I snagged a galley of this at ALA because I absolutely loved Wilson's Ashtown Burials series (though I haven't read book three yet - for shame!). Now, the buzz seems to be building around this book and Betsy Bird (of Fuse #8) is calling it a Newbery contender.
Now, for another edition of Librarian of Snark confessions: I've never read Beowulf. In any form or translation or reinterpretation. So, I might be missing something big about this book. I know enough to understand that, at least in some way, Wilson is offering his own interpretation of the epic with this book. A little crazy? Maybe. But, I also think this book works exceedingly well.

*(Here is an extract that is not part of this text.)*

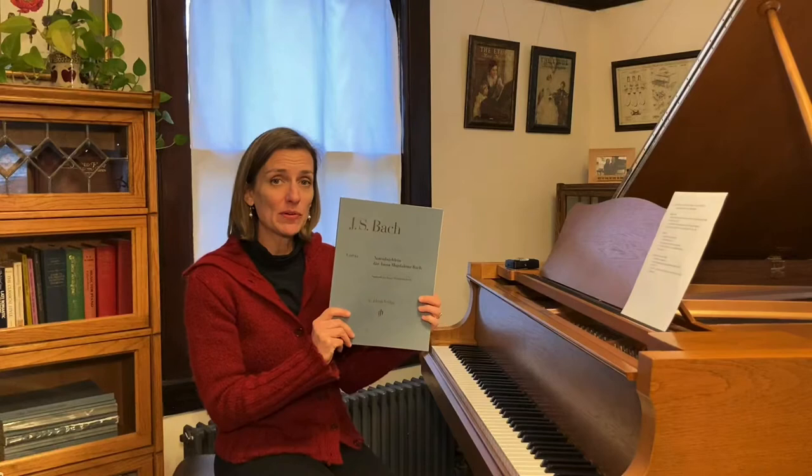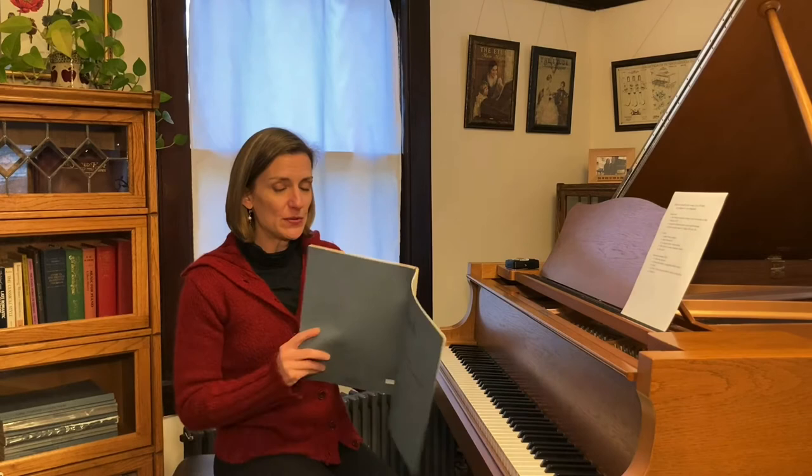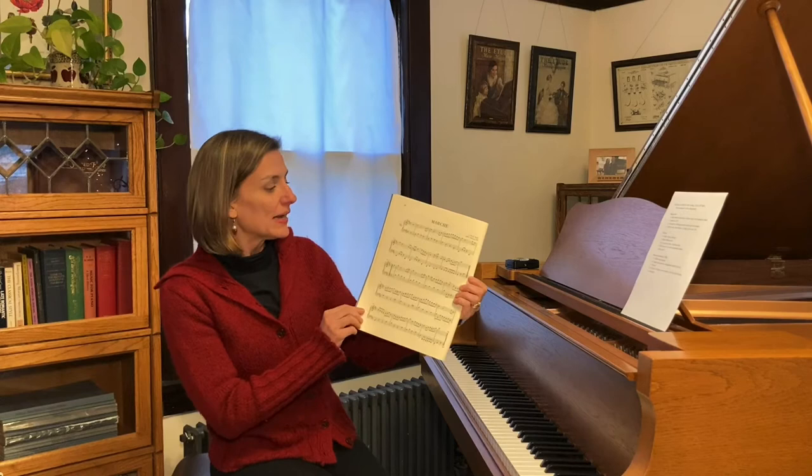Today I'm actually looking at this out of my Henle Urtext of the notebook for Anna Magdalena. I don't require my students to buy this — most would be playing early Bach pieces out of an intermediate repertoire series — but I think it's really important for me as a teacher to know what was actually written in the Urtext, as opposed to what has been edited by a contemporary editor. This piece has nothing written besides pitch and rhythm. The fingerings in this edition are editorial. There are no slurs, staccatos, dynamics — nothing of that sort.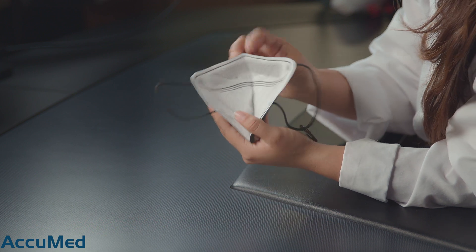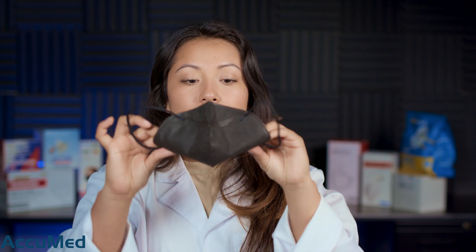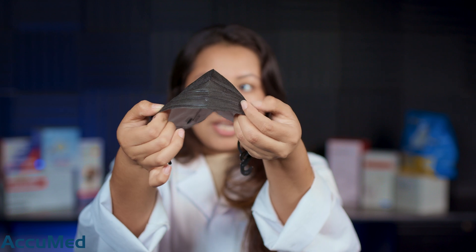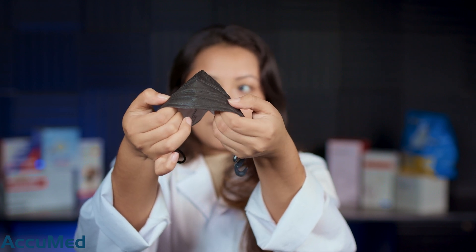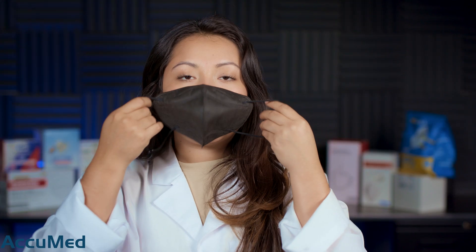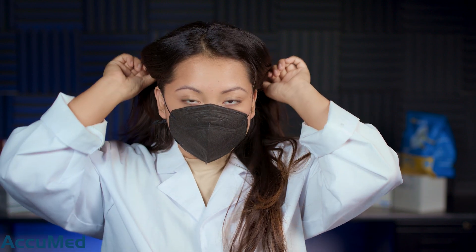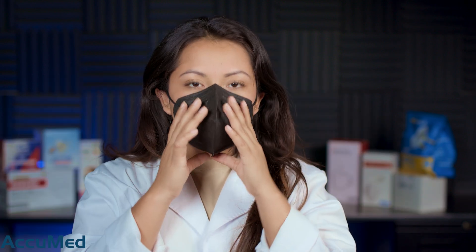Let's go ahead and take a look at the nose wire — it is actually a very strong nose wire, but the only thing I'm noticing is that it's very short compared to the nose foam. The nose foam ends here and the nose wire is here. Let's go ahead and try this on and see how they fit. These ear loops are very tight.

Though I'm sure I'm missing the subtleties and nods to the Beowulf legend, this is a mighty fine book regardless. If you had told me that someone - anyone - wanted to write a retelling of Beowulf for the middle-grade set, even without knowing the story, I'd have given you the side-eye. I suppose what we should be thankful for is that not just anyone chose to do this - Wilson chose it. Wilson makes an epic of English poetry insanely compelling for the youth of today. His writing is vibrant and colorful and it wraps this epic tale up so well. I think kids will have a hard time putting this story down.
Wilson manages to capture an exciting fantasy novel and an introspective hero dealing with the troubles of everyday life all in the same book. I was right there with Charlie every step of his journey and I rooted for him so much. I love that Wilson manages to write a book set in the South that's not dripping in charm, yet is still clearly of the South. This is just a lovely book and I'm so glad Wilson has come to my attention.
Thanks to the publisher for an advance reader's copy.